= Activity =
Print, word for word, the opening line of the data below and every line after it through the line that contains "Увлажняющий лосьон для", but not the pictures.

= Task data =

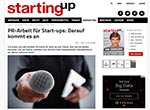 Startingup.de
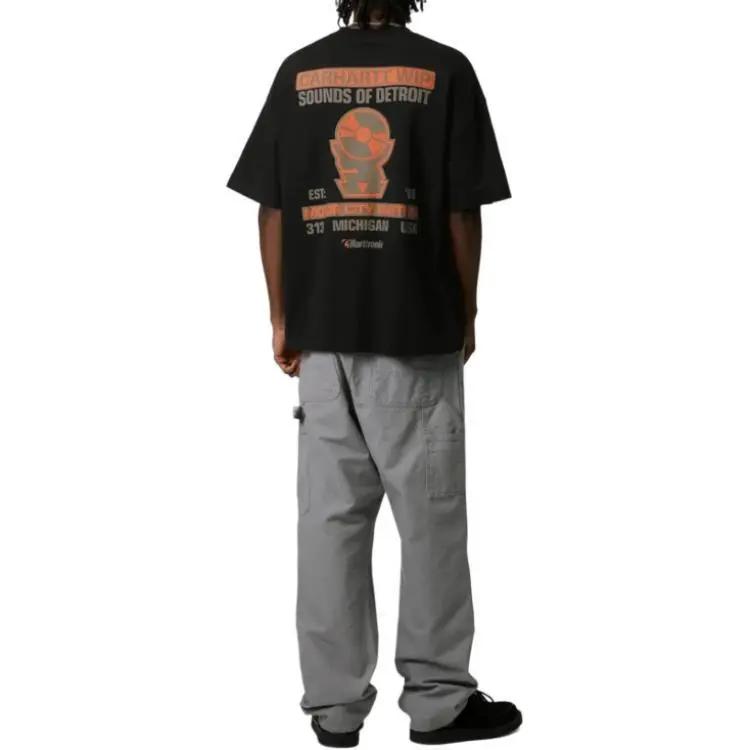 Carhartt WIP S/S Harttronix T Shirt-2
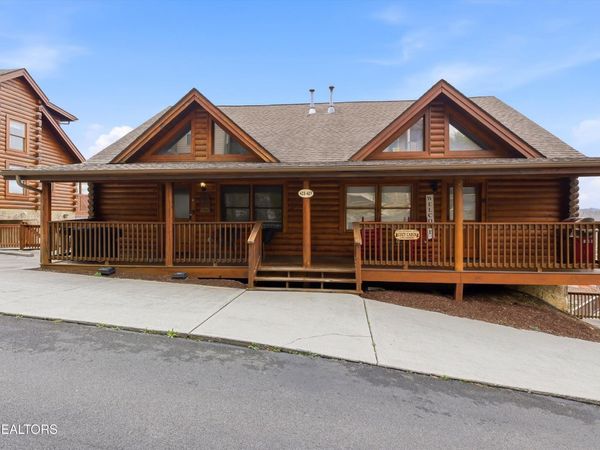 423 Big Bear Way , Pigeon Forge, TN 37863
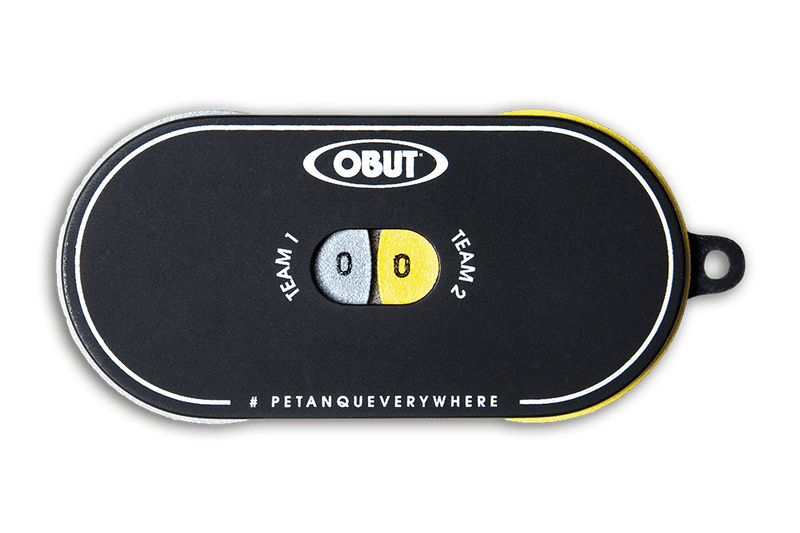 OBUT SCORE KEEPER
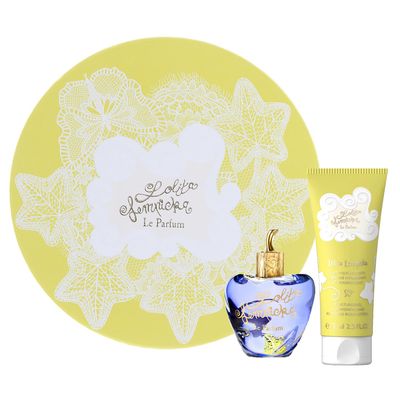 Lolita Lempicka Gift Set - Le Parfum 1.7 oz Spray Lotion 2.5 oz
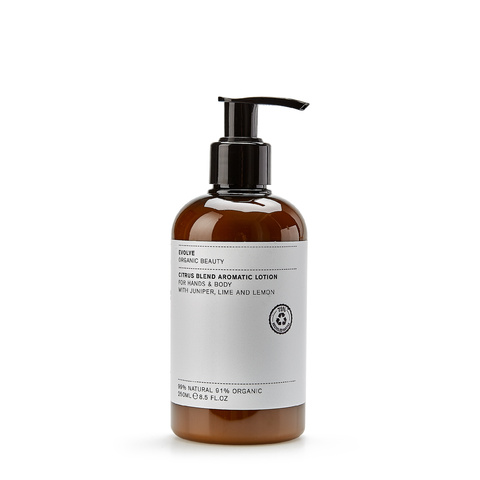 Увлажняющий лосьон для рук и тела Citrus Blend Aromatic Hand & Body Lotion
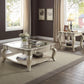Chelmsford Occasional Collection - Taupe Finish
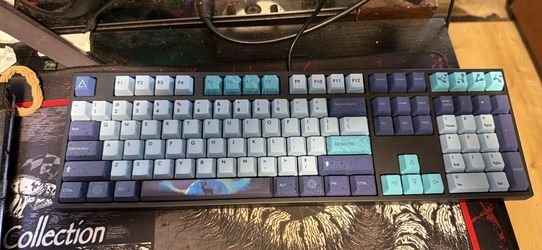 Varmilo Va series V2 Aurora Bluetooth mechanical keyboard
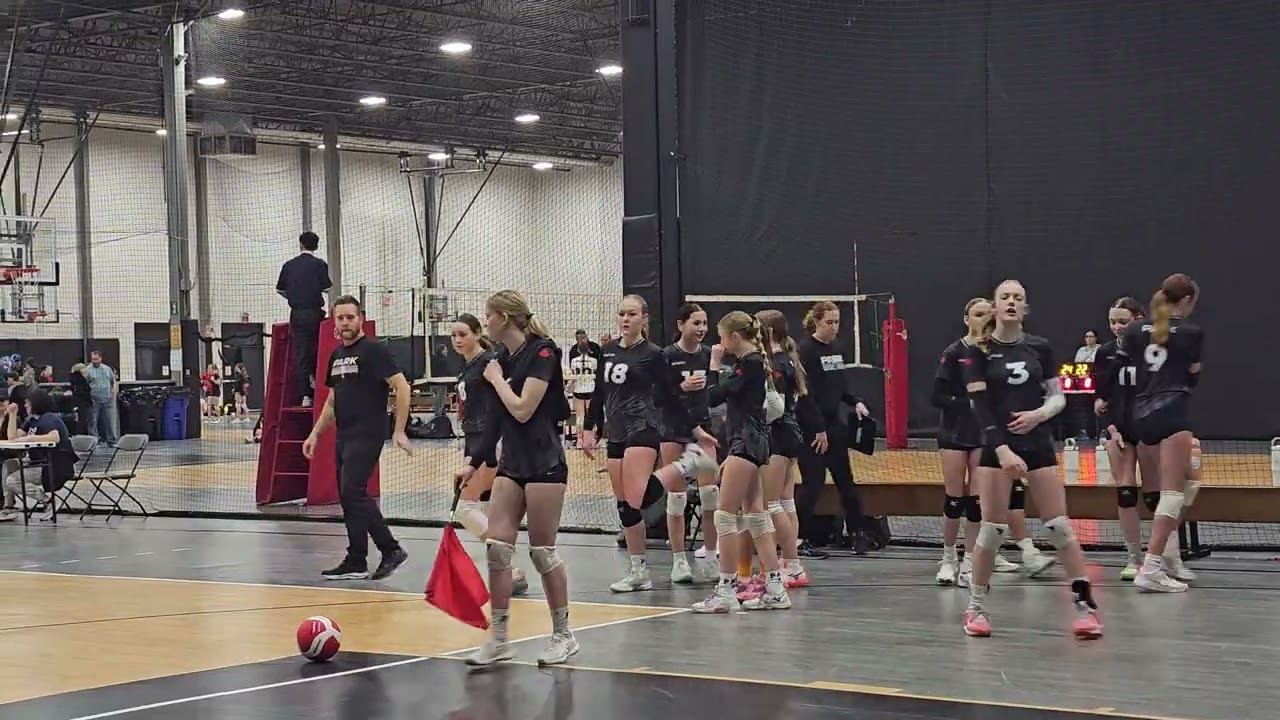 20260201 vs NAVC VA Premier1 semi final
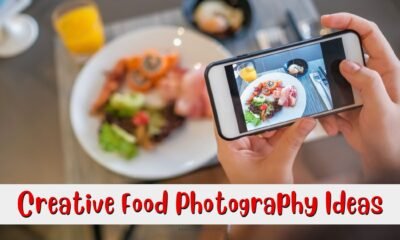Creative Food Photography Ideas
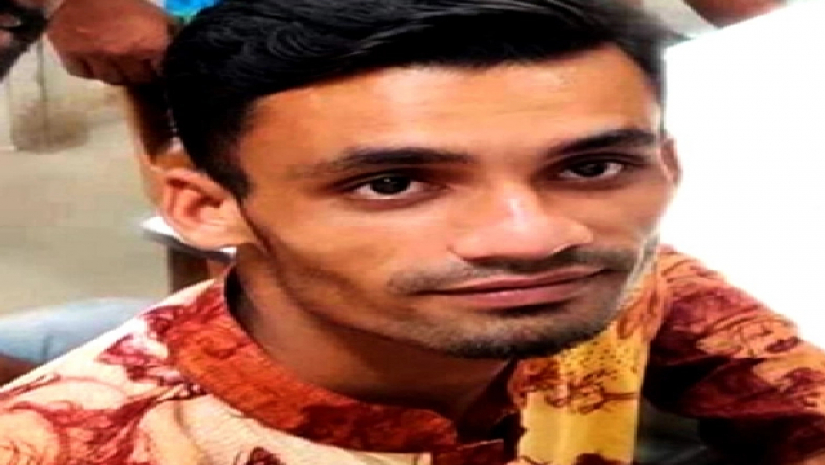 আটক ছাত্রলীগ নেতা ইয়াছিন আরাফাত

= Task answer =
 Startingup.de
 Carhartt WIP S/S Harttronix T Shirt-2
 423 Big Bear Way , Pigeon Forge, TN 37863
 OBUT SCORE KEEPER
 Lolita Lempicka Gift Set - Le Parfum 1.7 oz Spray Lotion 2.5 oz
 Увлажняющий лосьон для рук и тела Citrus Blend Aromatic Hand & Body Lotion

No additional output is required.